Media sosial bagi para remaja merupakan hal yang penting, tidak hanya sebagai tempat untuk memperoleh informasi yang terkini dan menarik, memperluas pertemanan, mengembangkan keterampilan berkomunikasi, sarana untuk menemukan identitas diri namun juga sudah menjadi gaya hidup.
Apa saja ciri-ciri anak dan remaja yang kecanduan medsos? Di antara tanda-tanda anak dan remaja yang kecanduan medsos adalah :
- Online kapan pun dan dimana pun. Tiap waktu diusahakan selalu terhubung ke medsos dan merasa gelisah ketika tidak memiliki jaringan internet karena tidak dapat mengakses media sosial.
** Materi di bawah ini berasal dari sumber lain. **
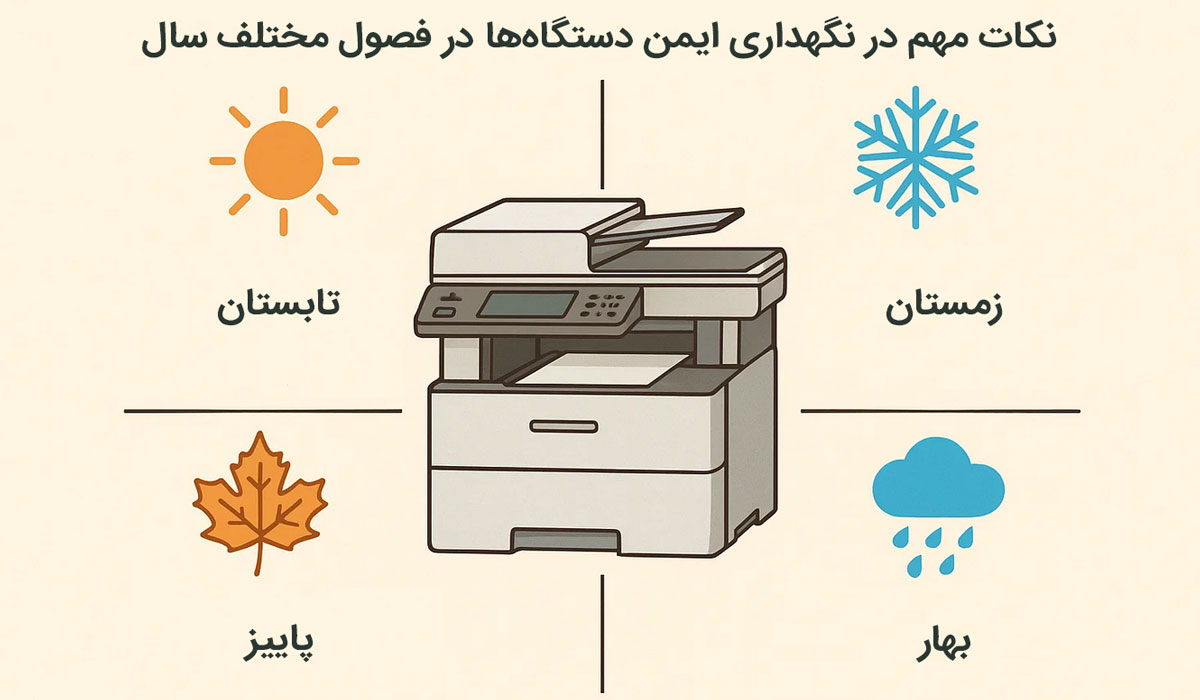 نکات مهم در نگهداری ایمن دستگاه‌ها در فصول مختلف سال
- Ponsel adalah hal yang pertama dan terakhir dilihat yaitu memulai kegiatan rutin sehari-hari dengan mengecek medsos di ponsel karena khawatir ada yang terlewatkan di Whatsapp, Facebook, Twitter dan Instagram selama tertidur di malam hari. Selain itu kegiatan terakhir yang dilakukan sebelum tidur adalah berselancar di media sosial.
- Menunda-nunda pekerjaan termasuk mengerjakan tugas-tugas sekolah karena asyik bermedsos. Mengecek media sosial sepanjang waktu memang akan mengurangi kesempatan kita untuk melakukan hal-hal lain yang lebih bermanfaat.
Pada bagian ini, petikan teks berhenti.